I bought a box of latex gloves for the task. I do a small area at a time. Smear silicone, squish in the coco, rinse and repeat until this foam is covered. I then go back and touch up any spots i missed. 

I think sealing the foam with silicone first is a bit of over kill IMHO.


----------



## Guest (Apr 15, 2004)

i use one pair of gloves per application of silicone. i use a plastic yellow putty knife and with the cualking gun squeeze out a large amount on the glass. (taping if needed.) then using the putty knife, i apply it like icing on a cake. very easy and i've not gotten messy, you just need to sort of get the swing of it i guess. will post a photo soon.

if covering the foam and not glass, the same approach is needed. you don't rinse until its dry. let the silicone - peat or coco or soil or moss, set up over night before doing anything other wise the silicone will hold water and fail...


----------



## Guest (Apr 29, 2004)

This is my first try at a background, and I think it is goin ok. Now I got to add the silicon and coco fiber. Do you do small parts at a time, wait overnight for it dry and then do another small part? Cuz wouldn't that take forever?


----------



## Guest (Apr 29, 2004)

i would do it all at once. it would be dry in about two days. think about adding larger hardscape items into the foam during it's application like bowl rock or something. at times, i've used small planter cups in the foam to create pockets but not to into that idea anymore.


----------



## Ryan (Feb 18, 2004)

Next time, put other smaller cups, like 2 inch just in case in the future you want to add something, they are easily covered up so that it wont be seen if you end up not using it. Just a suggestion.

Ryan


----------



## Guest (Apr 29, 2004)

Here are some pics of my vivarium setup including the foam/silicone/coco process. Take a look and let me know what you think:

My Vivarium

Tomorrow I do the final vacuuming and try out the water system. Very exciting.


----------



## Guest (Apr 30, 2004)

looks good. reminds me of hte tank i saw black jungle build. are you suing the foam as a substrate? how do you plant plants on the foam? or do you seal it? just curious. looks good, can't wait to see it planted!


----------



## Guest (Apr 30, 2004)

Very Nice Tim!
I hope you had someone else taking those pics, because that would have been a pain in the butt! 

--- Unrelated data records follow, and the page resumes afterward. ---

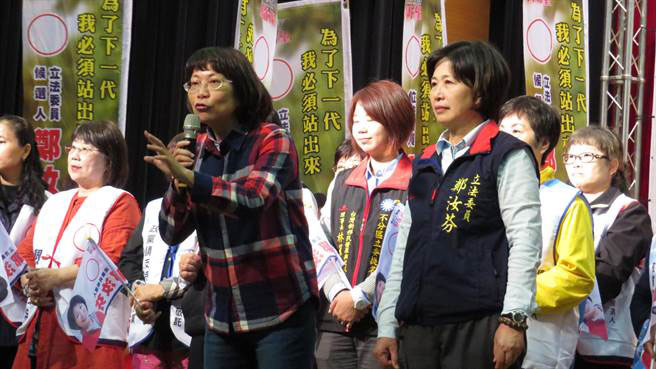 王如玄谈基本工资 犀利批民进党：说得多做得少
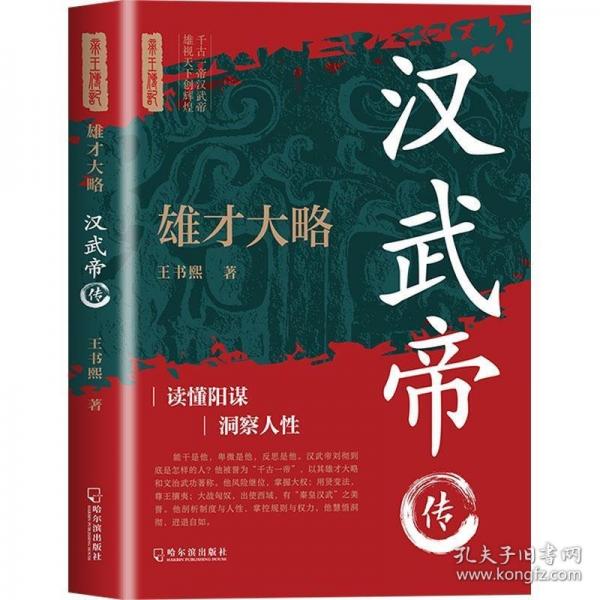 雄才大略：漢武帝傳
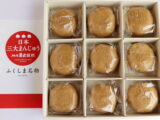 柏屋 薄皮饅頭こしあん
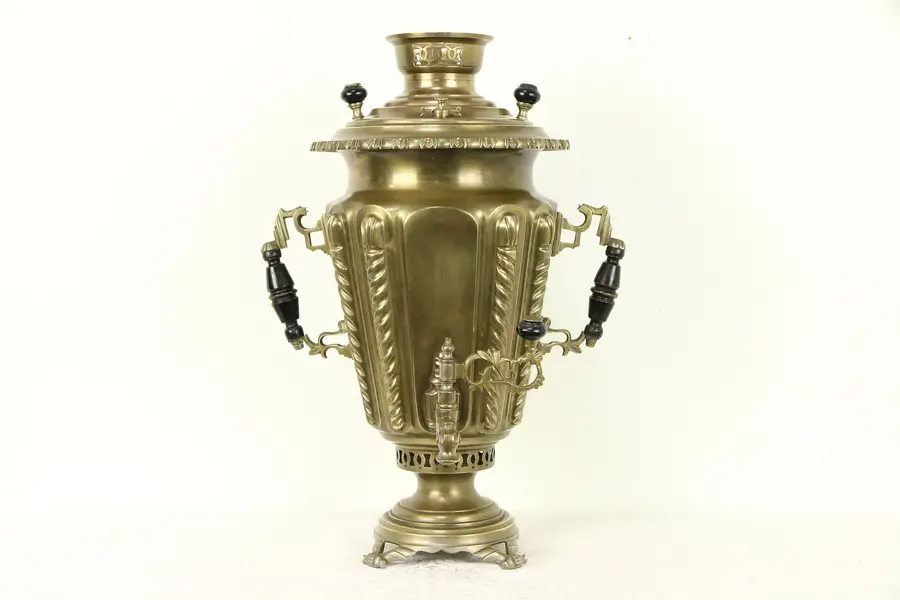 Photo of Russian Antique Brass Samovar Hot Water Tea Kettle, Cyrillic Inscriptions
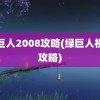 绿巨人2008攻略(绿巨人视频攻略)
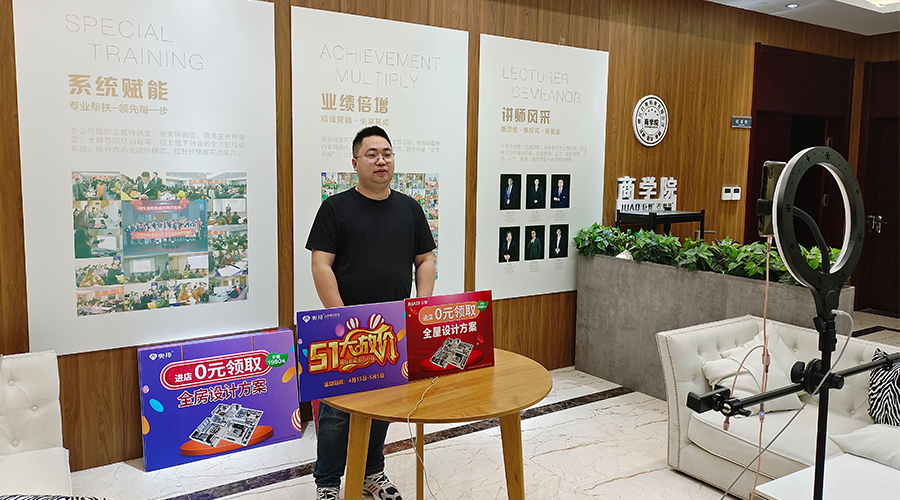 2023巨奧五一活動 2023巨奧五一活動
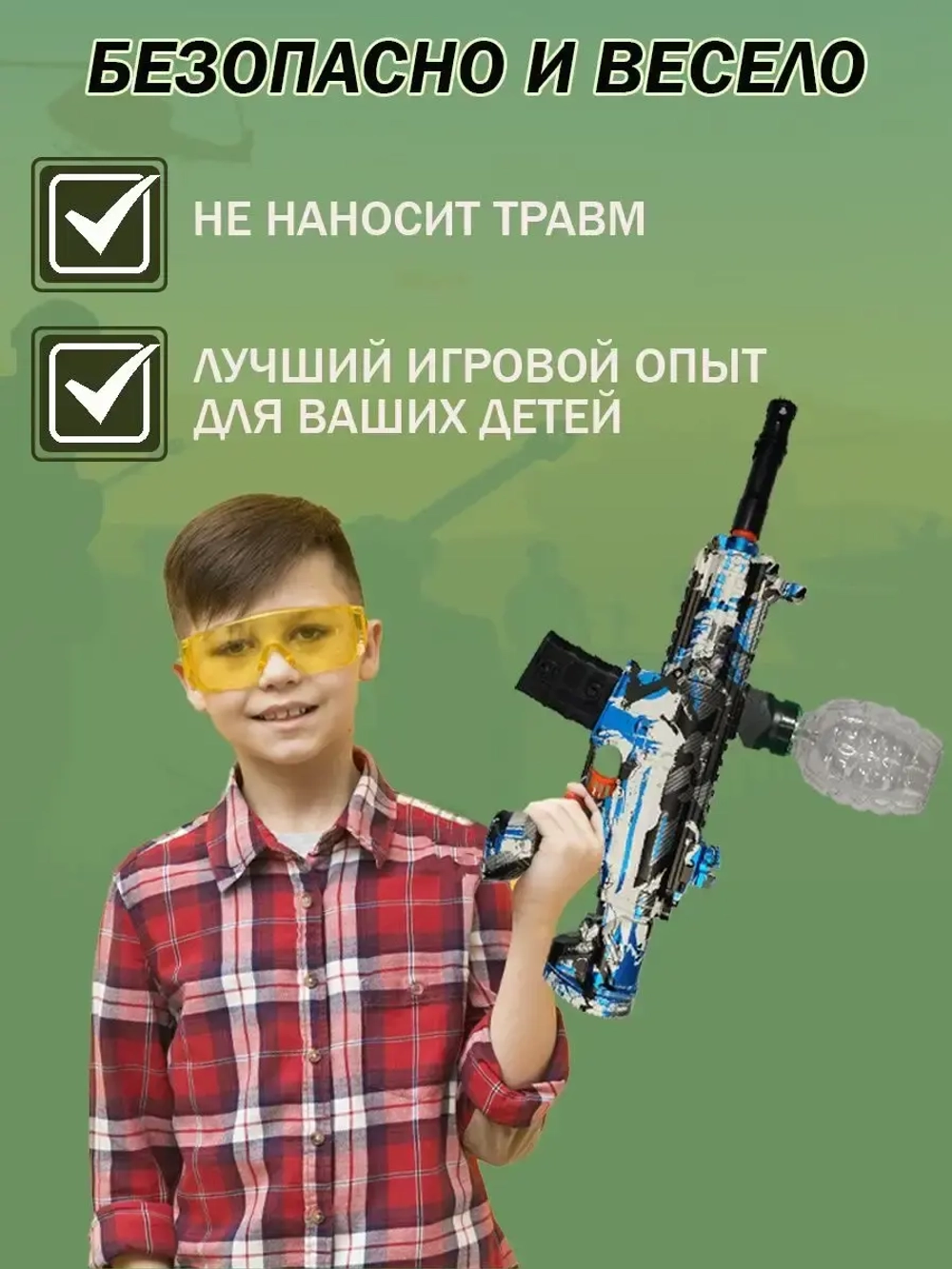 Orbeez автомат, орбиз пистолет гидрогелевый орбибольный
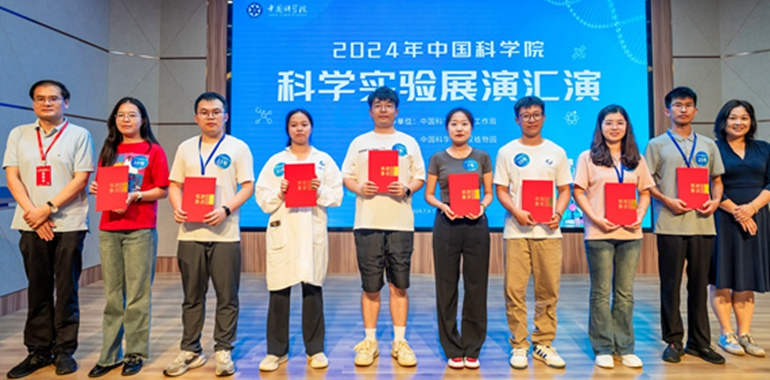 上海应物所在2024年中国科学院科学实验展演汇演暨全国选拔赛荣获佳绩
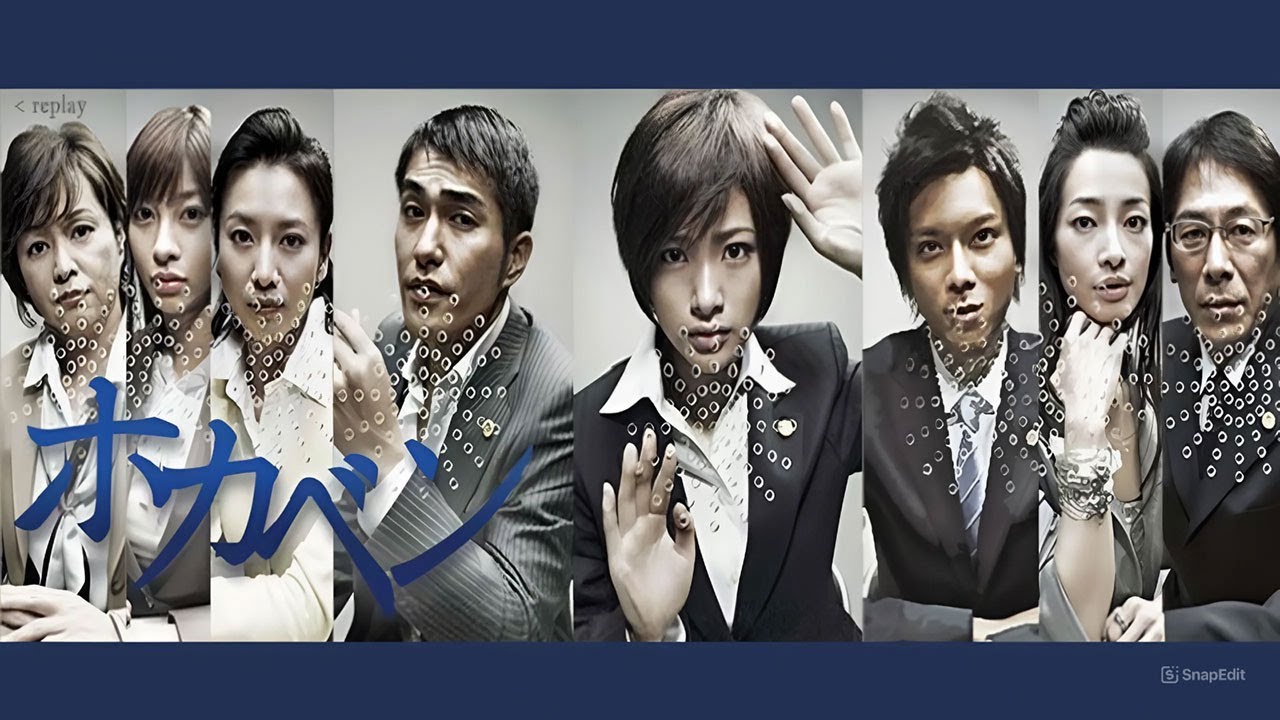 ドラマ『ホカベン』1話 ~ 2話 🍁🍁🍁 Hokaben (2008) Full HD #1080p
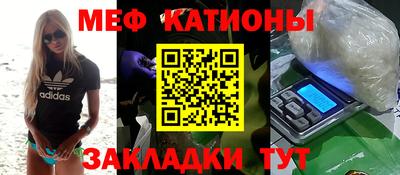 a pvp Волгодонск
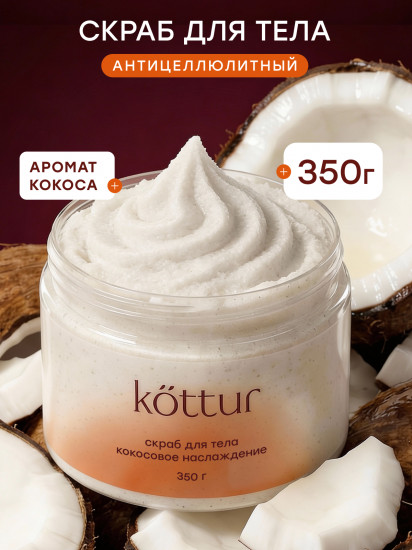 Скраб для тела кокосовый антицеллюлитный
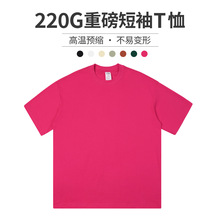 小红书直播无袖爆款美式小领口重磅纯棉纯色基础短袖T宽松体恤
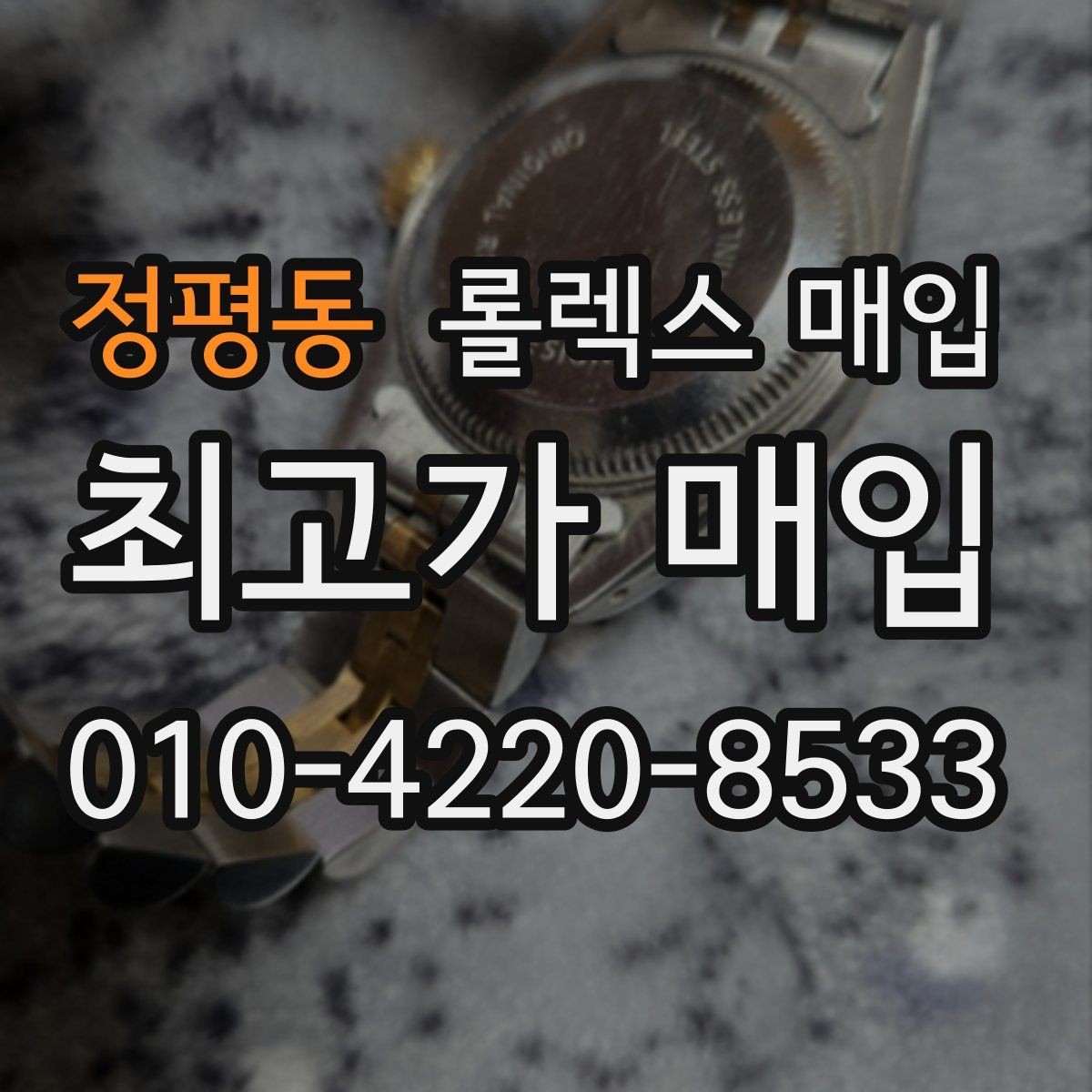 정평동 롤렉스 매입 최근 점검 기록이 있을 때 평가 포인트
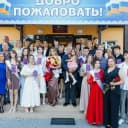 Канал МБОУ ООШ №27 х. Тамбукан в MAX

Welcome to the board Deven, I still haven't used the mortar ye, lol. I just can't seem to find the time.


----------



## Guest (Apr 30, 2004)

I used the foam throughout and will be selecting mainly epiphytic plants. I pretty much copied the black jungle guide step for step. I put a couple of plant pots in to house some centerpiece potted plants. I'll probably be planting the tank sometime next week but we'll see how it goes.

Thanks for the kind words! It's been a lot of work.


----------



## Guest (Apr 30, 2004)

Looks awesome! 

I am just finishing my tank up after 3 months. I will be posting pictures soon. I built everything from scratch including the stand. It is more of a piece of furniture now.

I really like how the background angles towards the front and is not just a flat backwall. Hmmm maybe ill do some tweaks to mine this weekend. Thanks for the inspiration.


----------



## Guest (Apr 30, 2004)

*hey ben! -*

Here is a link to a few images of the tank i used to try out the new herp safe foam. I used the regular great stuff, white and the water safe foam, black. the black is nice, the textures are good and it hold shape easy. 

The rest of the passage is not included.